Use OAuth2 Proxy and Keycloak as OAuth 2.0 server
Let's test the following flow:
- Access the RabbitMQ Management UI using a browser through OAuth2 Proxy
[ Keycloak ] 3. authenticate
/|\ |
| | 4. token
2.redirect | \|/ [ RabbitMQ ]
[ Oauth2-Proxy ] ----5. forward with token--> [ http ]
/|\
|
1. rabbit_admin from a browser
Prerequisites for Using OAuth 2 Proxy and Keycloak
- Docker
- make
Deploy Keycloak
Deploy Keycloak by running the following command:
make start-keycloak
Note: Keycloak is preconfigured with the required scopes, users, and clients. It is configured with its own signing key and the rabbitmq.conf file is also configured with the same signing key.

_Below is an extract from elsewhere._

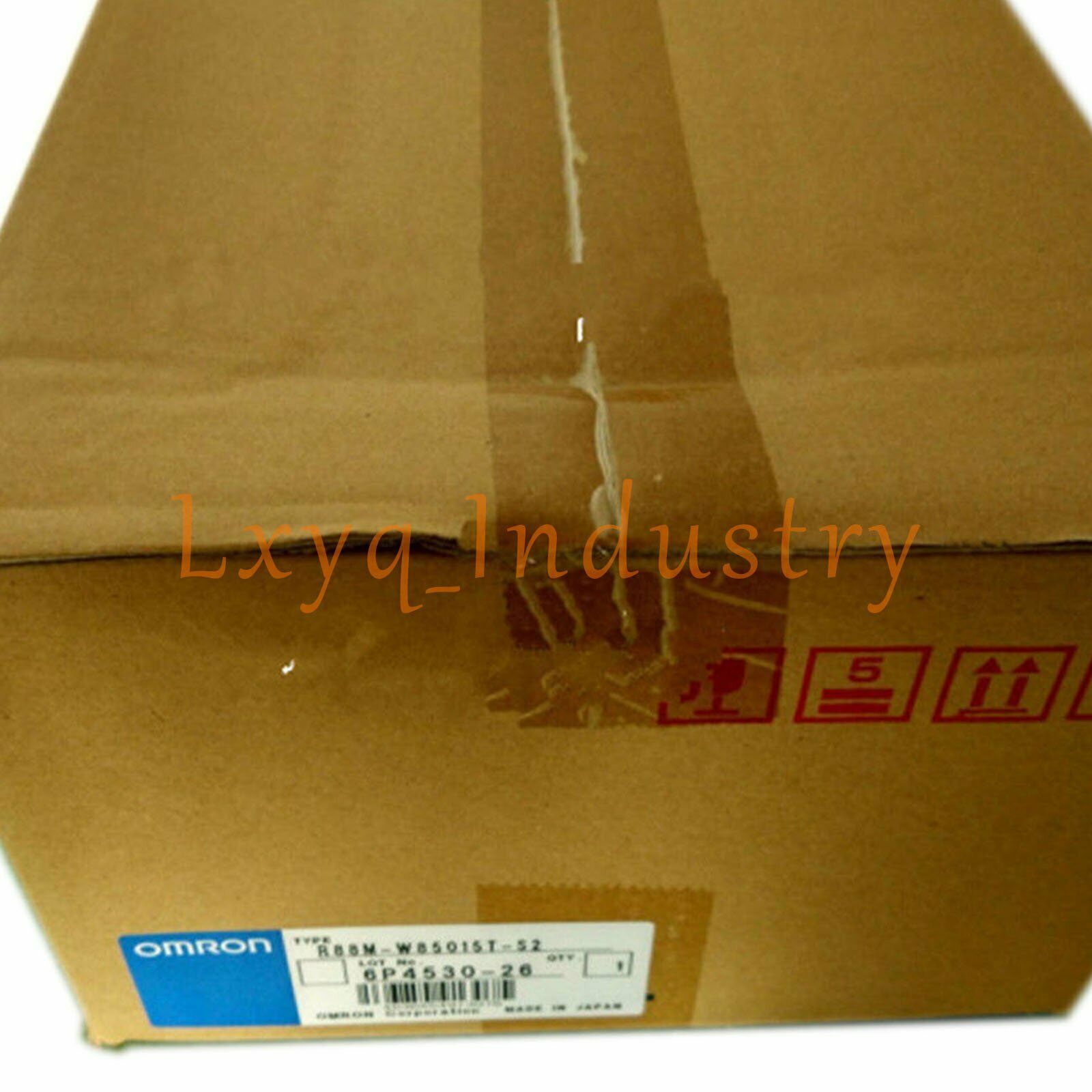 Omron R88M-W85015T-S2 servo motor R88MW85015TS2 Brand New Quality Assurance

To access Keycloak Management UI, go to http://0.0.0.0:8080/ and enter admin
as username and password.
There is a dedicated Keycloak realm called Test
configured as follows:
- rsa signing key
- rsa provider
rabbitmq-proxy-client
client
Start RabbitMQ
To start RabbitMQ run the following two commands. The first one tells RabbitMQ to pick up the rabbitmq.conf found under conf/oauth2-proxy/rabbitmq.conf
export MODE=oauth2-proxy
make start-rabbitmq
NOTE: Oauth2 Proxy requires that the aud
claim matches the client's id. However, RabbitMQ requires the
aud
field to match rabbitmq
which is the designated resource_server_id
. Given that it has been
impossible to configure keycloak with both values, rabbitmq.conf has
the setting below which disables validation of the audience claim.
auth_oauth2.verify_aud = false
Start OAuth2 Proxy
To start OAuth2 Proxy, run the following command:
make start-oauth2-proxy
Oauth2 Proxy is configured using Alpha configuration. This type of configuration inserts the access token into the HTTP Authorization header.
Access Management UI
Go to http://0.0.0.0:4180/, click on the Sign in with Keycloak OIDC link, and enter the credentials
rabbit_admin
as username and rabbit_admin
as password. You should be redirected to RabbitMQ management UI.